The billion dollar question is whether or not you the NHS will allow you to choose between PIRT 1 and PIRT 2?”

CoI: multiple

8 thoughts on “ResearchSpeak: will you be able to choose your PIRT?”

  1. "If cladribine tablets get licensed by the EMA, as I hope they do, maybe the NHS will allow us to do a randomised head-2-head study to compare alemtuzumab with cladribine?"This would be such an irony given we – unsuccessfully – submitted a substantial grant about 1.5 years ago to the NIHR for funding of exactly this trial, but with generic Cladribine as the comparator. Not only would this have answered the scientific question but also saved the NHS a vast amount of money in the process – but with hindsight it was obviously never going to happen regardless.

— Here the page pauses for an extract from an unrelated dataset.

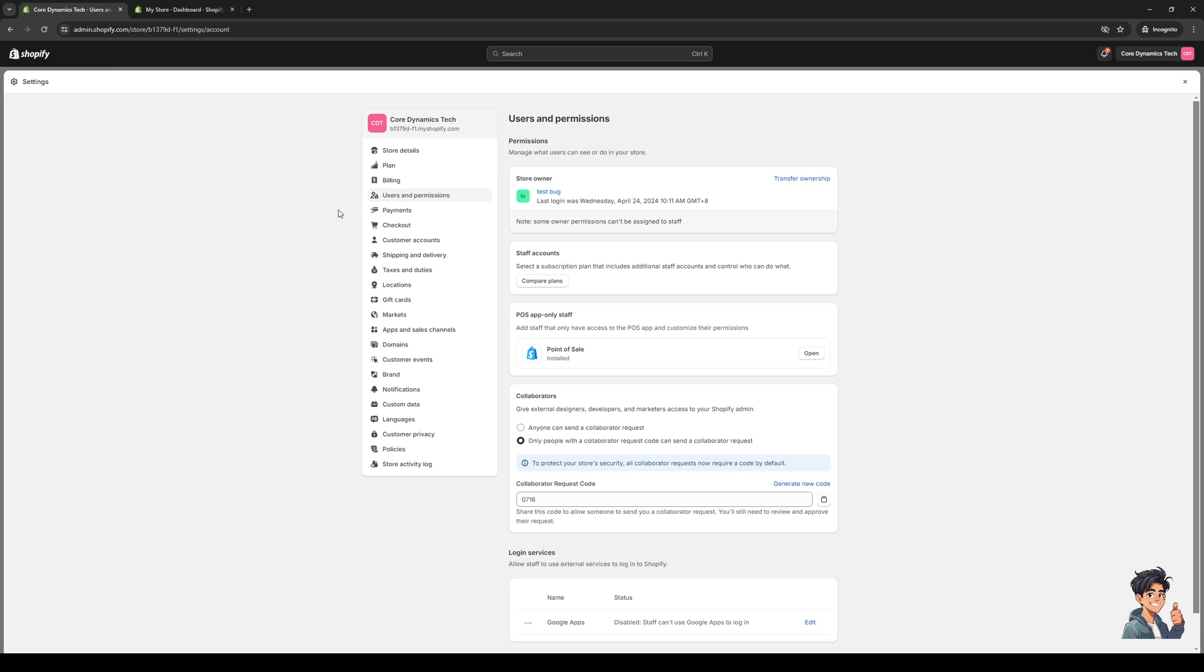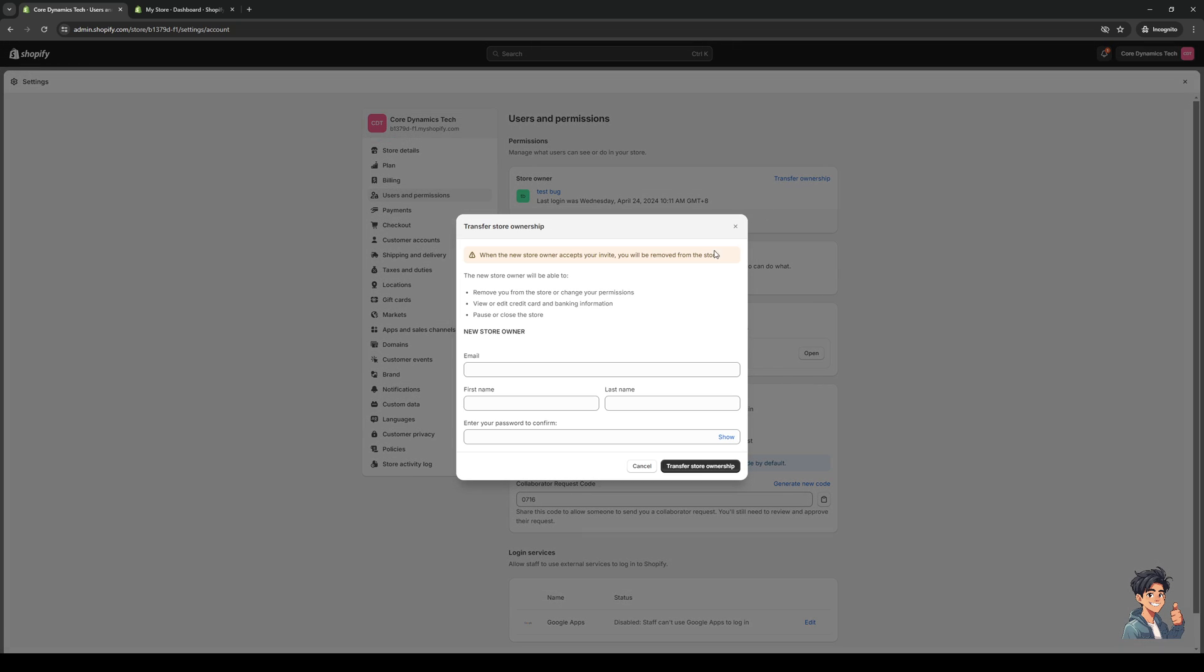Once you guys are here, you actually have the option to transfer your ownership to someone else. It could be a staff member that's registered in your Shopify store, or it could be an entirely new email address managed by different people. What you need to do is click on transfer ownership right here, and then you would need to follow the instructions to input the corresponding details to the new owner.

    1. Not sure if it has even started, ProfG will probably know but will be presumably gagged. Once submitted I think the EMA has a year to decide what to do, so another few million down the toilet. It has been over 6 months since this was officially announced but it has only been five years of lost revenue so far ….so no rush then.If cladribine gets licenced why not a head to head with generic:-)P.S. I wonder if PIRT is the correct term maybe the PIST is better:-)Pulsed immunsennescnce therapy, because what is evident with Alemtuzumab there is not reconstitution for a very, very , very long time. The treatment wipes ot T cells for months and months and months.and makes it less able to respond to immune targetsIs it that you wipe out the cells and they simly dont repopulate properly because the bone marrow is indeed affected, in contrast to that published, and you don't have a fully functional thymus (it atrophies with age) so that new cells are not properly replaced. It is argued that if you look at the percentage of cells that the memory cells come back, but if you look at the absolute numbers they are simply wiped out relative to health for a long long long long time. They are kept in check by enhanced regulatory activity. It is argued that if they can stimulate the thymus to get more naive cells back you may get rid of the autoimmunity. However there is the potential to do just the opposite as you may be bringing potentially pathogenic cells into a world of lack of immune regulationT regs and othe regs are also wiped out of sight but on a percentage basis they are relatively sparedTherefore the situation may well be worse not better. The trial has stopped recruiting and so we will see what happens, better, no effect or worse.

  2. The lack of richer data on month in Cladribine is obviously this still not be "commercially approved for such." It would be nice to see data on the effects of Cladribine in pseudoatrofia, recovery of brain synaptogenesis and neuroplasticity. Already I suspect that the data would be very good as the injectable Cladribine penetrates 100% brain.

  3. Prof G,Could you please discuss the Alemtuzumab 10 year data?You said 'the majority of MS'ers are flat-lining (NEDA) with only two cycles of treatment". What is the actual statistic here and where is it from? Last I read (based on the CARE-MS studies), this was 39%, which is certainly not the majority. And this was only at 2 years.Great news about the brain volume data. I'd love to see the 10 year data that was presented at the AAN2016, or your summary of it.Thank you

  4. Prof G, in your PIRT slide deck above, you mention that Maintenance Therapy is accompanied by cumulative or increased risk with time, as opposed to front loading risk with PIRT. Is that accumulated risk a result of limited/lower efficacy or exposure to daily/weekly immunosuppression? And if the latter, what is the risk and what are we seeing in the long term data?

    1. Risk to constant daily weekly monthly immunosuppression…..what are the risks in the long term data.increased risk of PML, then there will be infections cancers etc

    2. There is data out there showing increased infection/cancer risk with 10+ years of IFN or GA use?